Lebensbuchautorin Saskia:
„Es zeigt, dass es auch normal ist, zwei Mütter zu haben.“
Was hat dich motiviert, an dem Projekt „Geschichten, die Mut machen“ teilzunehmen?
Saskia: Motiviert hat mich vor allem die Idee, selbst ein Buch zu machen, das ein Geschenk für meine Kinder ist. Dass ich unsere Familiengeschichte auf diese Weise festhalte, von der Zeit, als meine Frau und ich uns kennengelernt haben bis heute.
Ich wollte meinen Kindern eine Erinnerung für immer schaffen und ihnen mitgeben, dass sie etwas ganz besonderes sind. Gleichzeitig konnte ich dadurch etwas für mich selbst tun und kreativ sein. Motiviert hat mich auch das Zusammensein mit anderen Regenbogenfamilienmüttern, mit denen ich mich austauschen konnte.

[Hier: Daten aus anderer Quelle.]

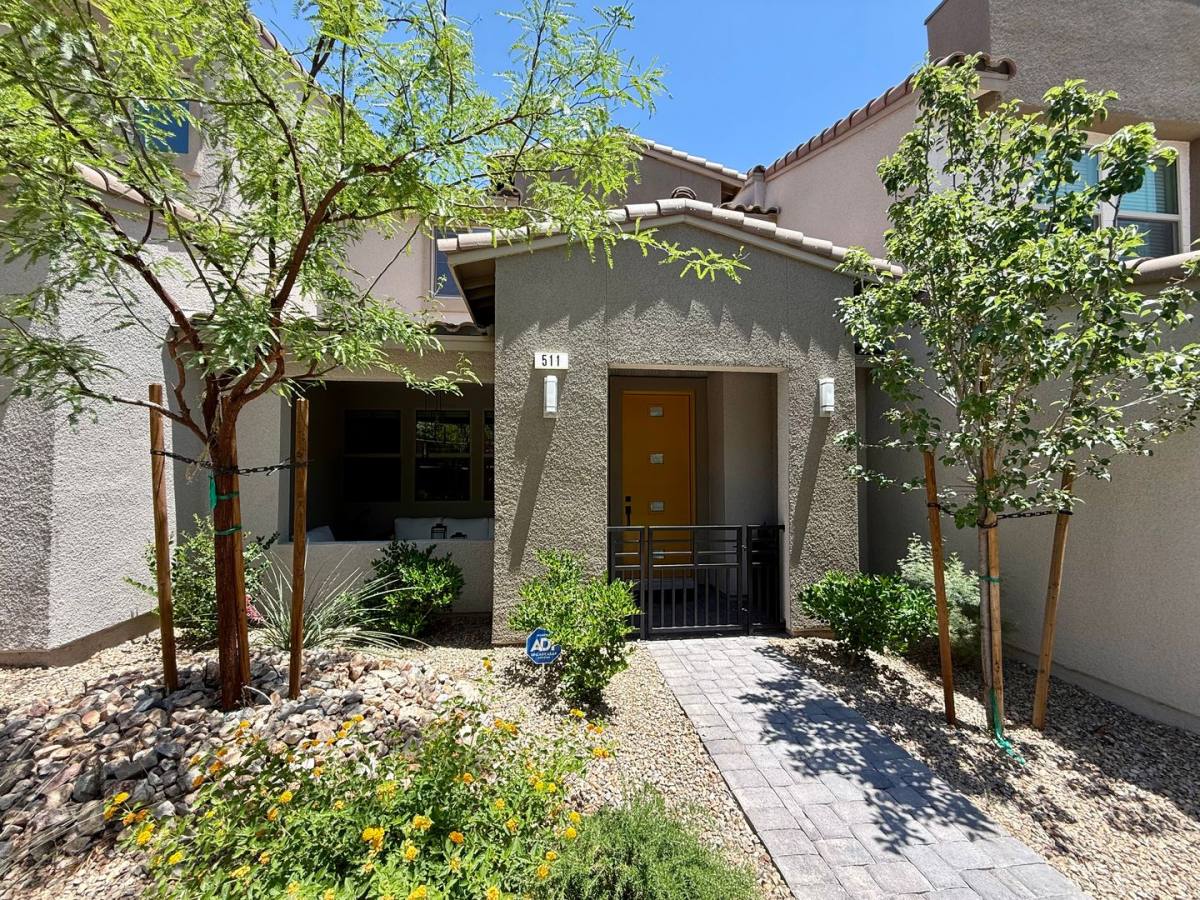 Townhouse for rent at 511 Fairview Hills St, Las Vegas, NV 89138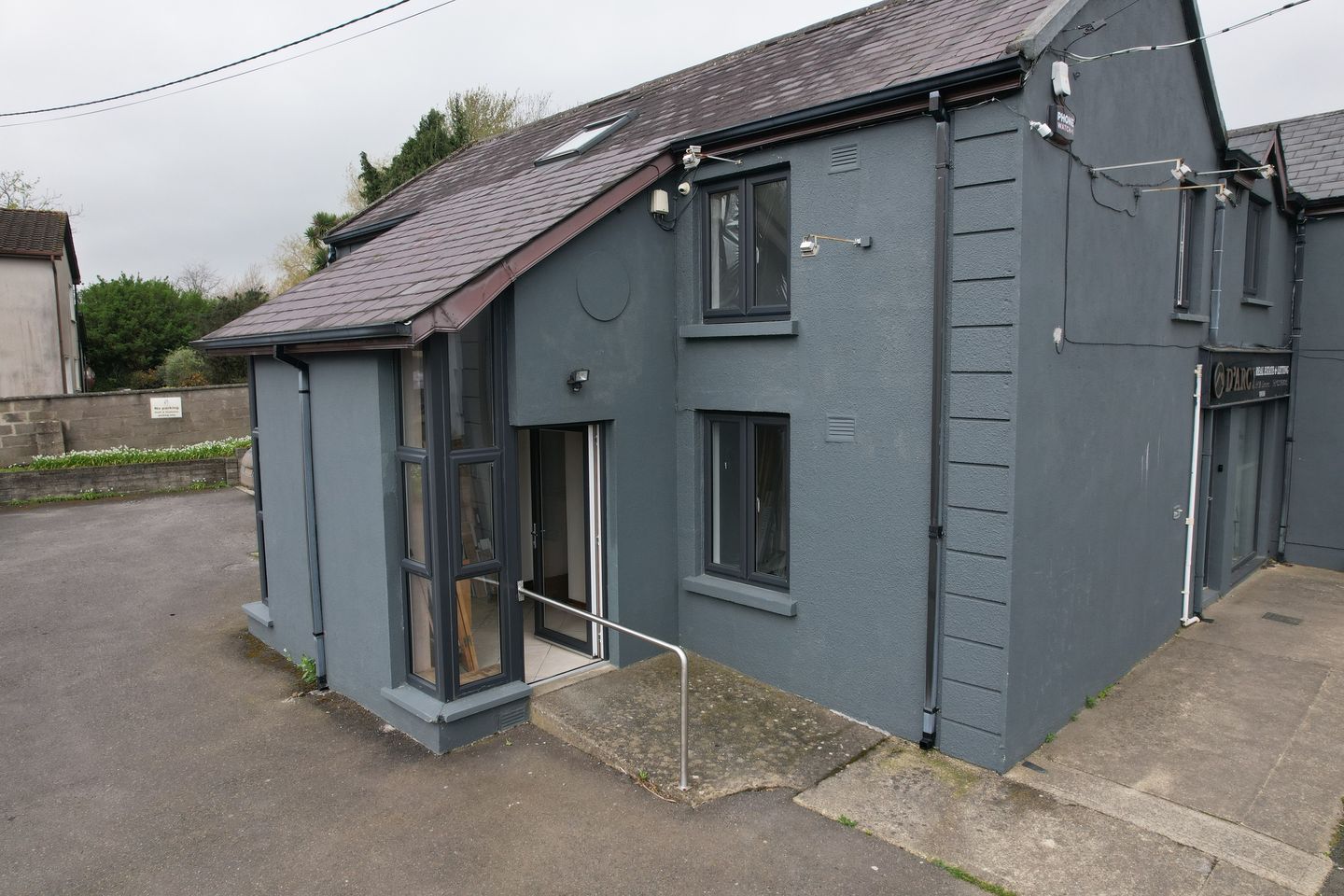 Commercial property for rent in Wellbrook House, Railway Road, Gorey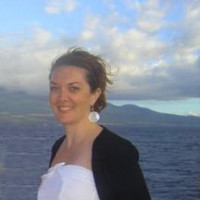 Leslie Adams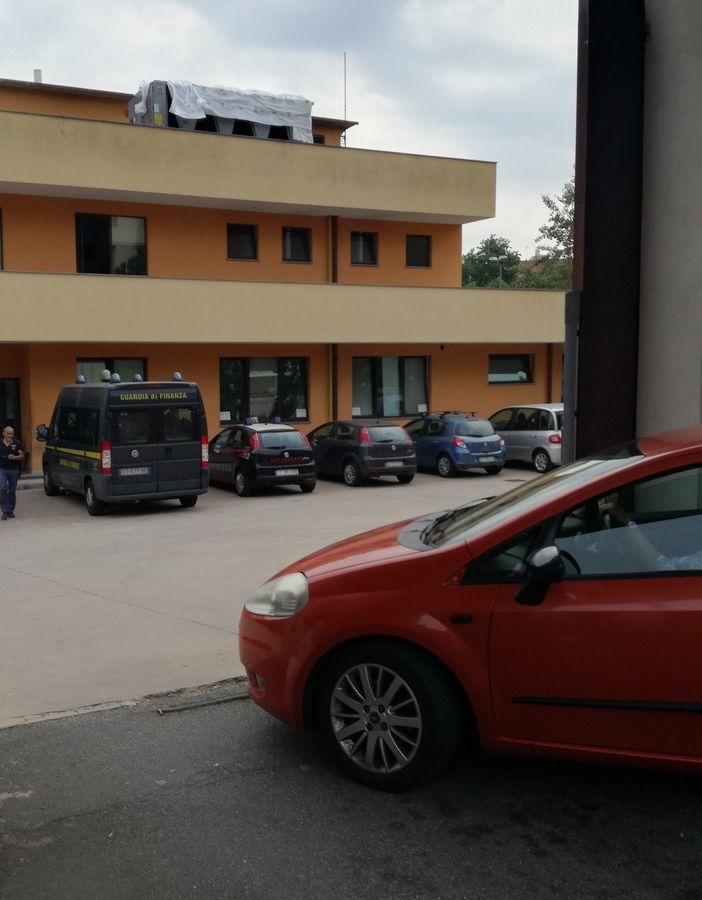 Rivolta notturna al CPR: mattoni lanciati contro poliziotti e militari, 13 feriti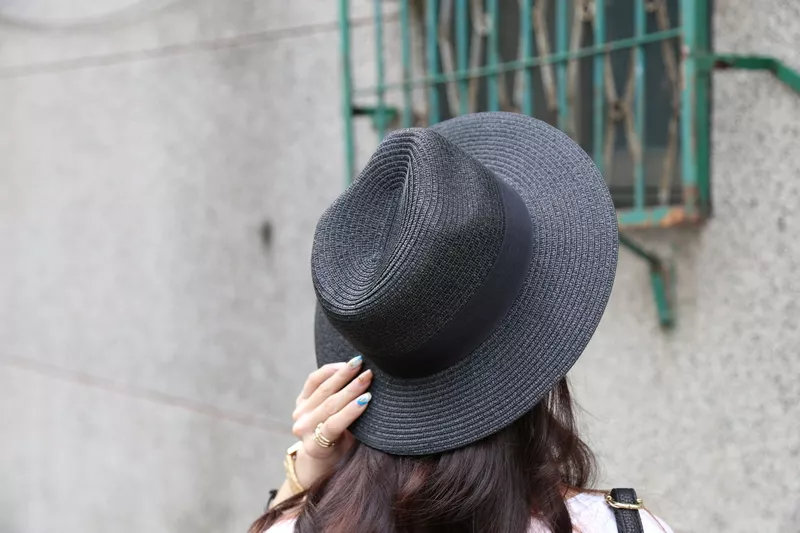黑色編織帽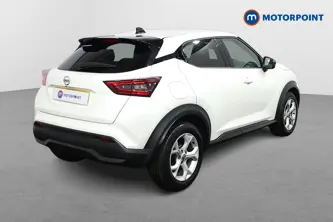 Nissan Juke N-Connecta Manual Petrol SUV - Stock Number (1469807) - Drivers side rear corner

Magst du das Buch beschreiben?
Saskia: Der Titel lautet Zwei Träume wurden Wirklichkeit weil unsere Kinder absolute Wunschkinder sind und wir davon geträumt haben, zwei Kinder zu bekommen, die auch Geschwister sind. Wir haben uns einen Samenspender gesucht, der der genetische Vater von beiden ist. Und diesen Kindern ist das Buch gewidmet. Es ist chronologisch aufgebaut, also wie wir uns kennengelernt haben, was wir früher gemeinsam erlebt haben, unsere Reisen, und wie der Wunsch entstand, zu heiraten und Kinder zu bekommen. Wie wir einen Spender gesucht und endlich gefunden haben. Wie unsere Kinder auf die Welt gekommen sind, bis heute.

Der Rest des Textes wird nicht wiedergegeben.